The debate over loot boxes has been one of the most divisive and furious that gaming has seen in years, and certainly one of the most important stories for the industry in 2017. Billions of dollars are on the line here — especially as legislators and regulators in more countries have started to speak up.
Hawaiian state representative Chris Lee recently held a press conference where he characterized loot boxes as “predatory gaming,” and is working on legislation to ban minors from buying them.
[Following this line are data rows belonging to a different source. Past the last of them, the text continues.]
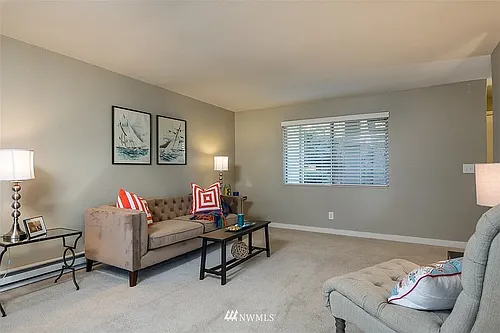 17112 NE 45th St #55 Photo 1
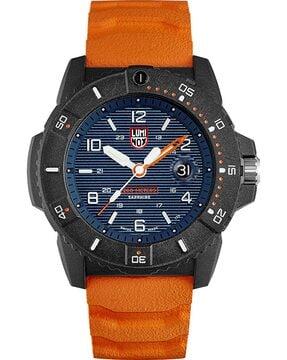 xs.3603-analogue-wrist-watch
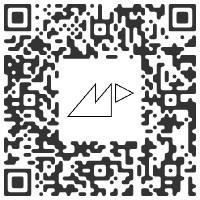 Magenta Plains, New York NY U.S.A. - Danica Lundy : Three Hole Punch - February 5 > March 10, 2022 @MagentaPlains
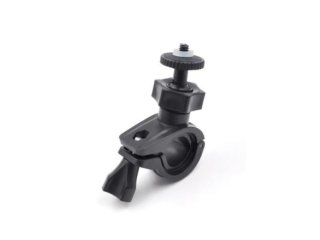 Držák na kolo pro kameru Insta360 ONE X / EVO
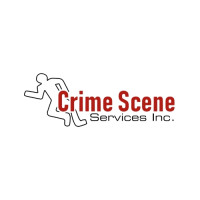 Crime Scene Services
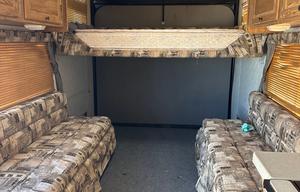 2004 Weekend Warrior Fs2600 RV rental photo 5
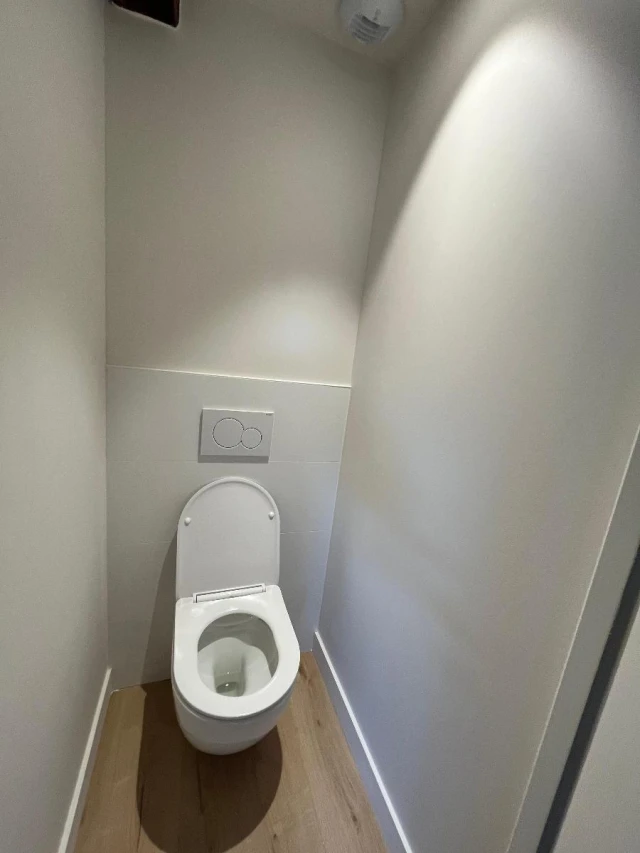 achat maison Angers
He later added in a Reddit post that “these kinds of loot boxes and microtransactions are explicitly designed to prey upon and exploit human psychology in the same way casino games are so designed.” In Australia, a regulator for the state of Victoria agreed that “what occurs with ‘loot boxes’ does constitute gambling” and that the regulatory body for gaming was "engaging with interstate and international counterparts" on policy changes.
For years, microtransactions have become more and more prominent in gaming as a way of supplementing income for developers, or replacing the revenue gained by selling units — hence “free to play” games that are free to download and play, but make money by selling you small-ticket items or downloadable content in the game itself.
The unparalleled outcry from players, fans, press, and politicians about loot boxes in Star Wars Battlefront II signaled that we were at a breaking point. A flagship title of perhaps the world’s most profitable and famous IP was monetizing through microtransactions and loot boxes so pervasively that it felt openly exploitative. Every aspect of the game was now bent toward facilitating microtransactions. Characters or power-ups can take days worth of play to earn, which makes purchasing them in an in-game store more tempting.
A process that had begun over a decade ago has reached a crisis point. Loot boxes have brought the video game industry to a crossroads, and the path taken now will shape the future of the industry in profound ways.
It could take months or years before a final ruling is settled in any jurisdiction, and even then, a global patchwork of differing laws and rulings will need to be reckoned with. But the implications are clear. The law has always lagged behind technology, but sooner or later it’s going to catch up, and tech companies that are used to doing as they please will suddenly have to figure out what life after regulation looks like.
Previously, most defenders of the loot box economy and its associated trading websites said that since real currency wasn’t being won, no real gambling was taking place. But according to some legal experts, that isn’t strictly true.
In a recent episode of his Robot Congress podcast, prominent video game attorney Ryan Morrison interviewed another lawyer, Marc Whipple, who has experience in the gaming industry. Whipple said that gambling, in “most jurisdictions,” was judged to be such if it had three critical elements: “Consideration, which means you have to pay something to play. Chance, which means there has to be something outside your control that determines the outcome of the game. And a prize. And of course, a prize is something, anything of value.”
Whipple added, with deliberate clarity: “As close as I’m ever getting to giving actual legal advice to strangers on the internet who are not my clients is this: no, it does not have to be money. It has to be something of value, period.”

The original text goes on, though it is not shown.